Splits is dealt out like 5-Card Stud with one major difference. The game is not even close to being over after each player has five cards. A player can choose to draw as many cards as he wants, even if he has already opted not to draw during a previous round. To explain, after antes have been paid, the dealer gives each player two cards in a normal clockwise rotation, one face down and one face up. For the sake of betting after each round, the player with the highest point total showing on the board starts off by either betting checking. After a round of betting, the dealer then (once again in a clockwise rotation) asks everyone if they would like another card. If at anytime your point total matches the amount of points required for that particular Splits game, then do not draw anymore cards, as you are already guaranteed half of the pot. A player can pass on drawing a card at anytime, then come back and draw on a subsequent turn if desired. This is sometimes done by a gambler to increase pot size if he is already locked in for half of the winnings, and increasing his point total, even by 10 points, will not matter.

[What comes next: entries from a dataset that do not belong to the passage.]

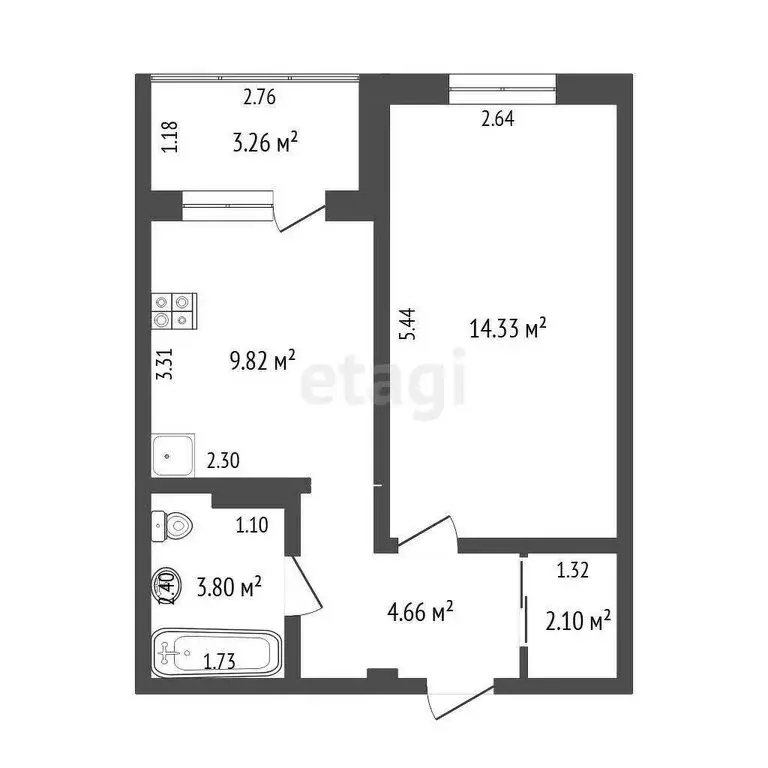 1-комнатная квартира: Тюмень, улица Ветеранов Труда, 9А (34.6 м) - Фото 0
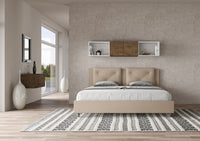 Letto matrimoniale king size con rete imbottito 200x200 similpelle tortora Appia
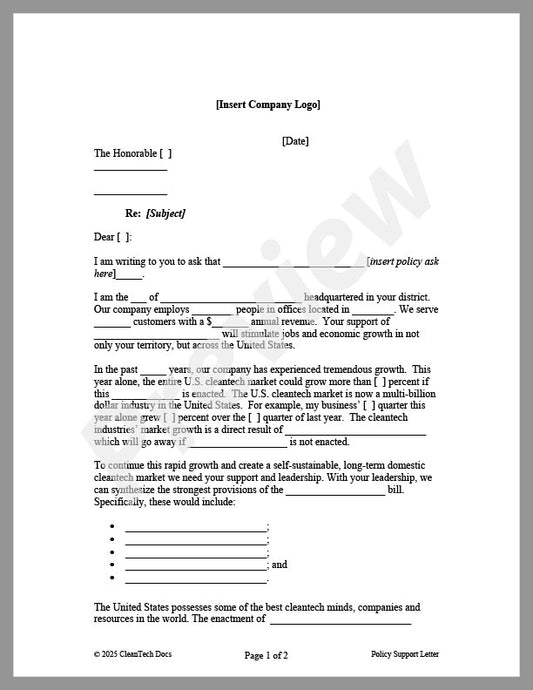 Support Letter for Bill/Policy Request - Renewable energy legal forms from CleanTech Docs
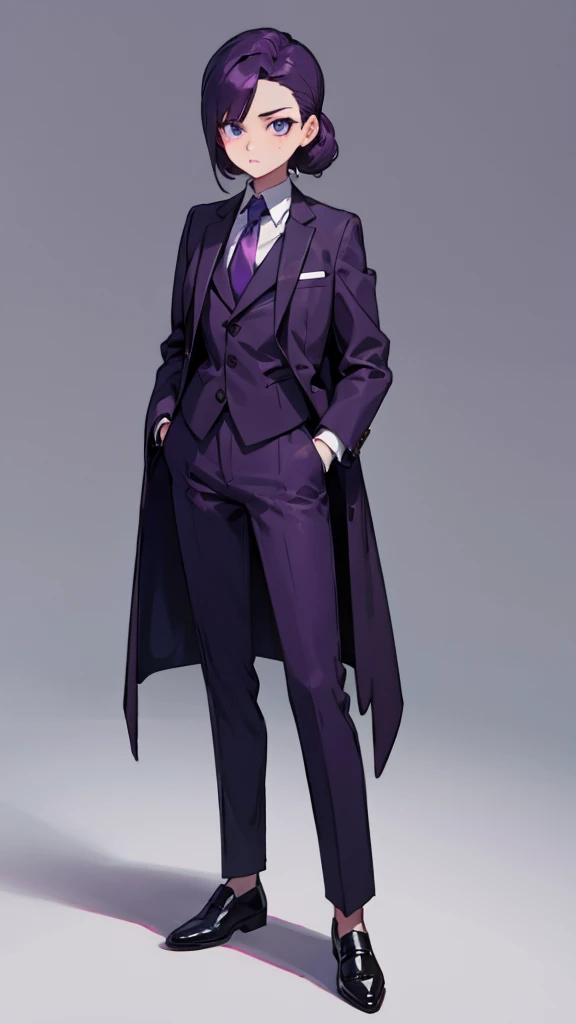1.Cross-dressing girl,suit,Hair style slicked back,Dark purple hair,Leather shoes,whole body,White background,濃い紫のsuit,濃い紫のsuitズボン,Photographer,Single-lens reflex camera,Cool standing figure,Purple tie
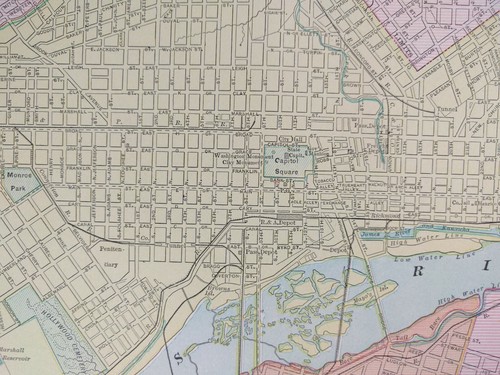 Vintage 1903 RICHMOND MANCHESTER Map Old Antique Original COMMONWEALTH MAPZ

After each round of drawing a card, a round of betting begins. When no one wants to draw anymore cards, there is a final round of betting, then the hand is over. The two players closest to the two selected Splits numbers with their own total points are the winners. Therefore, if you are playing 13 – 33 and you have 13 points on the nose, you split the winnings with the one closest to 33 points since those are your target numbers. Also, unless there are exceptions, a player can overshoot a number and still be closest to it to win (i.e. 33 1/2 points is still a winner over 32 points if playing 13 – 33). The only times a pot is not divided directly in half is when either one player can total both amounts by using aces (i.e. three aces will give a player both 13 and 33 points, like The Wheel, giving him the entire pot) or if two players are equidistant from a target number (i.e. if one player has 12 points and one has 14 points, they will each take a quarter of the pot, while the player closest to 33 points takes the other half). And since two people usually end up splitting the winnings, pot sizes in Splits can become fairly large, adding even more excitement to an already fun-filled, Dealer’s Choice poker game.

Even if by some odd reason you become bored with Splits, variations can be easily utilized. Some ideas include changing the dealer after each betting round, using number combos that are further apart (like 21 – 51 or 9 1/2 – 44 1/2), just counting red cards and making black cards worth zero points, or not being able to exceed your target number (as in Blackjack or 21). Whatever options you decide to choose will definitely increase the excitement level of the game. In fact, even without any variations applied, I am sure you will find Splits to be very fulfilling, constantly keeping you on the edge of your poker seat.